Le pouvoir de Poutine s’est imposé après les attentats de Moscou en 1999

Pour Xavier Follebouckt, la menace terroriste a aidé Vladimir Poutine à construire une État fort : "C’est évident. Son pouvoir s’est imposé après les attentats de Moscou en 1999. On ne peut pas dire si ces attentats ont été organisés par les forces de sécurité ou non, mais la conséquence est la consécration d’un régime fort et de l’élection de Poutine comme président. La campagne contre la Tchétchénie, qui a fait des milliers de victimes civiles, s’est faite au nom de la guerre contre le terrorisme et au nom de la prospérité."

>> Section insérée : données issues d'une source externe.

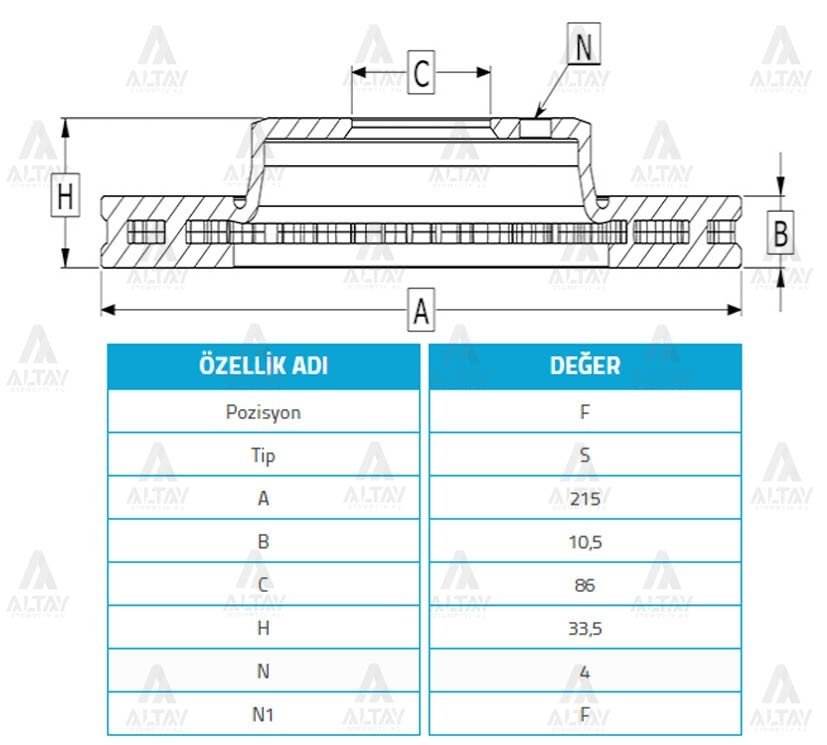 Fren Diski Carry 86-99 Sk410 / Alto 92-01 / Marutı 92-01 / Damas 90-99 / Ön Havalı 215-4 5551182000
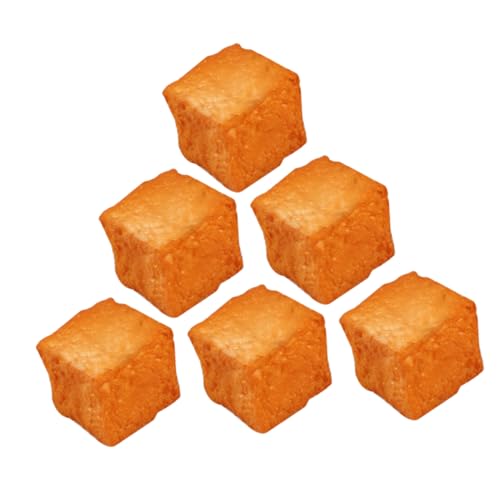 TOYANDONA 6Pcs Simulierter Tofu Kühlschrankmagnete für Lebensmittel Brot Burger Kuchen FALSCH Obst wohnungsdeko hausdeko dekoratives Lebensmittelmodell Fisch-Tofu-Foto-Requisite PVC Orange von TOYANDONA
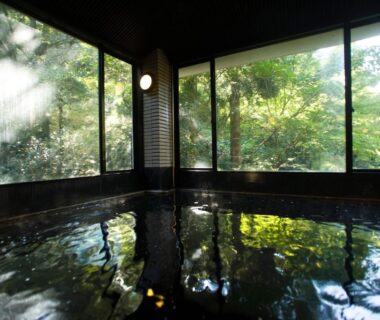 Reflective indoor onsen bath with large windows overlooking lush garden at Motoyu Ishiya, Ishikawa, Chūbu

Un nouveau mouvement d’opposition

Le mouvement d’opposition créé par Alexeï Navalny pourrait paradoxalement tirer lui aussi avantage de ces événements. Mais dans le plus long terme. "Quantitativement, il est moins important que ne l’ont été d’autres mouvement d’opposition, mais il rassemble des manifestants de toute la Russie et pas uniquement de Moscou et St-Pétersbourg. Il touche aussi les milieux ruraux et les jeunes. Tous ont conscience de la corruption et ne regardent pas la télévision qui est au service  de l’État. Ils se tournent vers internet qui est moins filtré. Ce mouvement va continuer, mais Navalny ne veut pas aller trop loin, trop vite. Il veut se présenter à la Présidentielle en 2018 pour effriter la légitimité de Poutine. Vladimir Poutine ne perdra pas les élections, mais il apparaîtra, peu à peu à la population, comme la source des problèmes." A long terme, le mouvement pourrait menacer le régime, mais plutôt comme une vague de fond au sein de la population qui accepte de moins en moins une corruption connue de tous. "Si le gouvernement met en place une répression forte, cela risque de pousser d’autres partie de la population à se mobiliser également. Mais si le pouvoir reste suffisamment serein pour gérer le problème, l’effet pourrait en demeurer limité."